/---

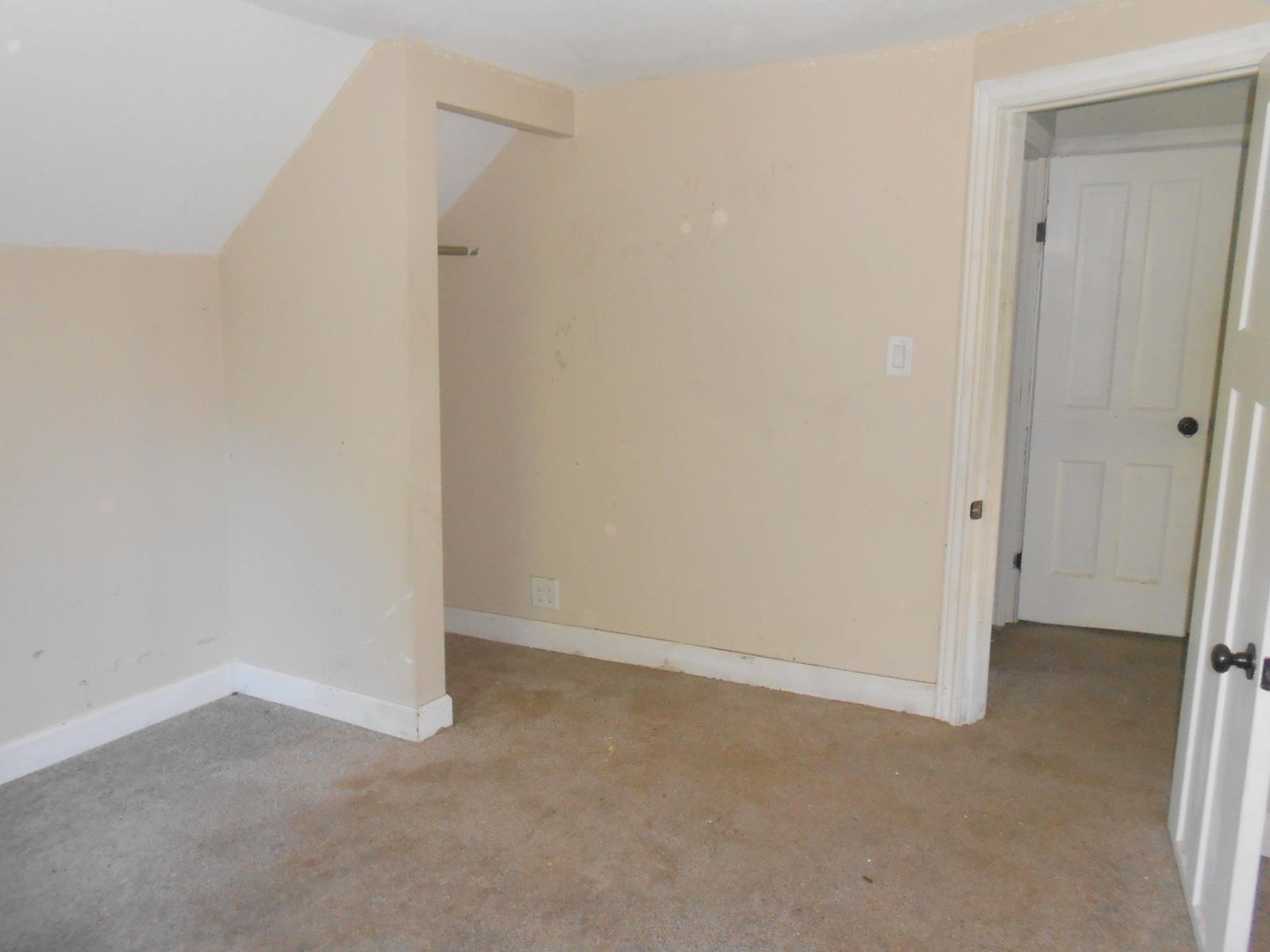 330 East Jones Street Warren, IN 46792 - Photo 4 of 20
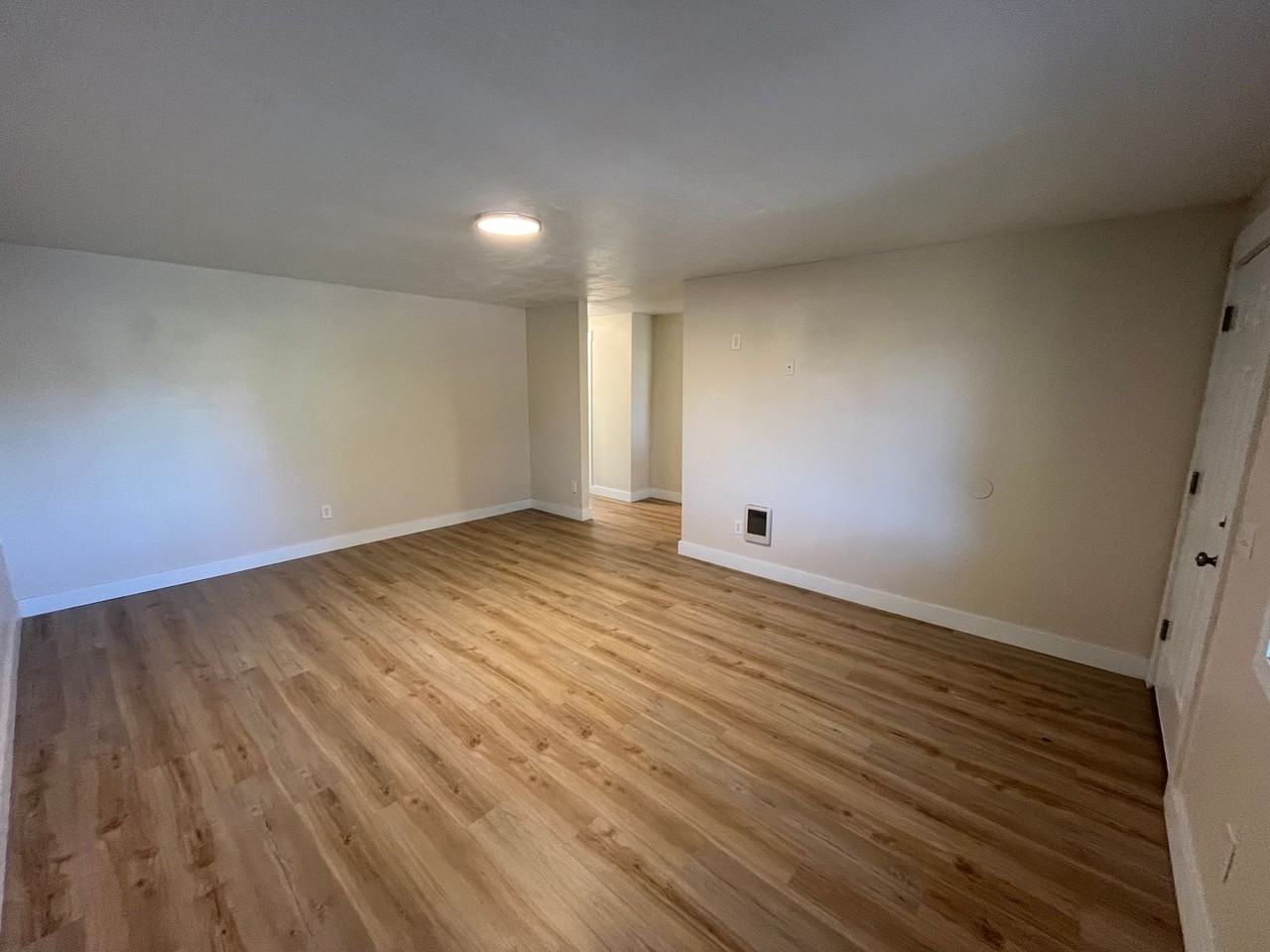 732 Se 5th St - Photo 3 of 16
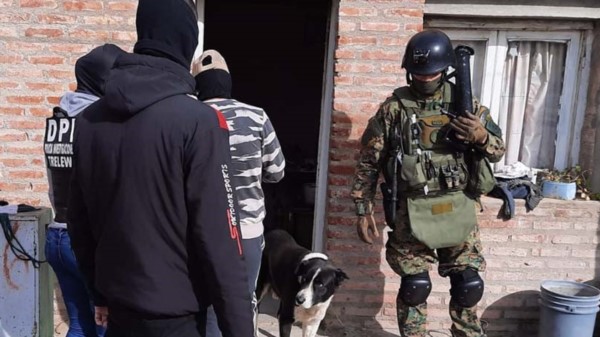 Los allanamientos se llevaron a cabo en los barrios Oeste y Tiro.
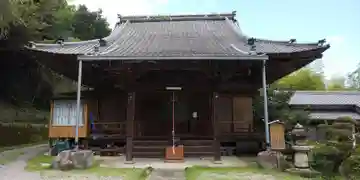 徳蓮寺の本殿・本堂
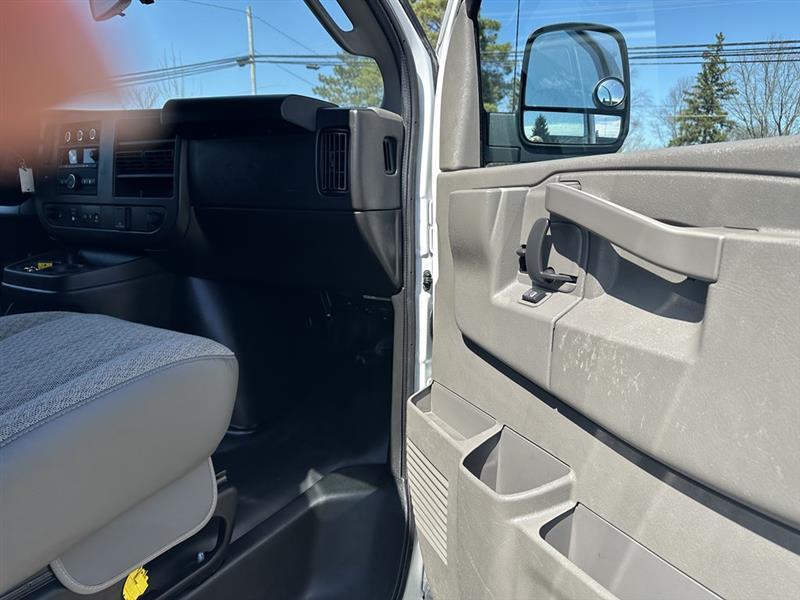 Chevrolet Express  2022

\---

Prompt -> None of the pictures belong in the copy. Write out exactly the lines from the line that holds "Los allanamientos se" through the last line of the listing above, both ends included.

Exercise answer ->
 Los allanamientos se llevaron a cabo en los barrios Oeste y Tiro.
 徳蓮寺の本殿・本堂
 Chevrolet Express  2022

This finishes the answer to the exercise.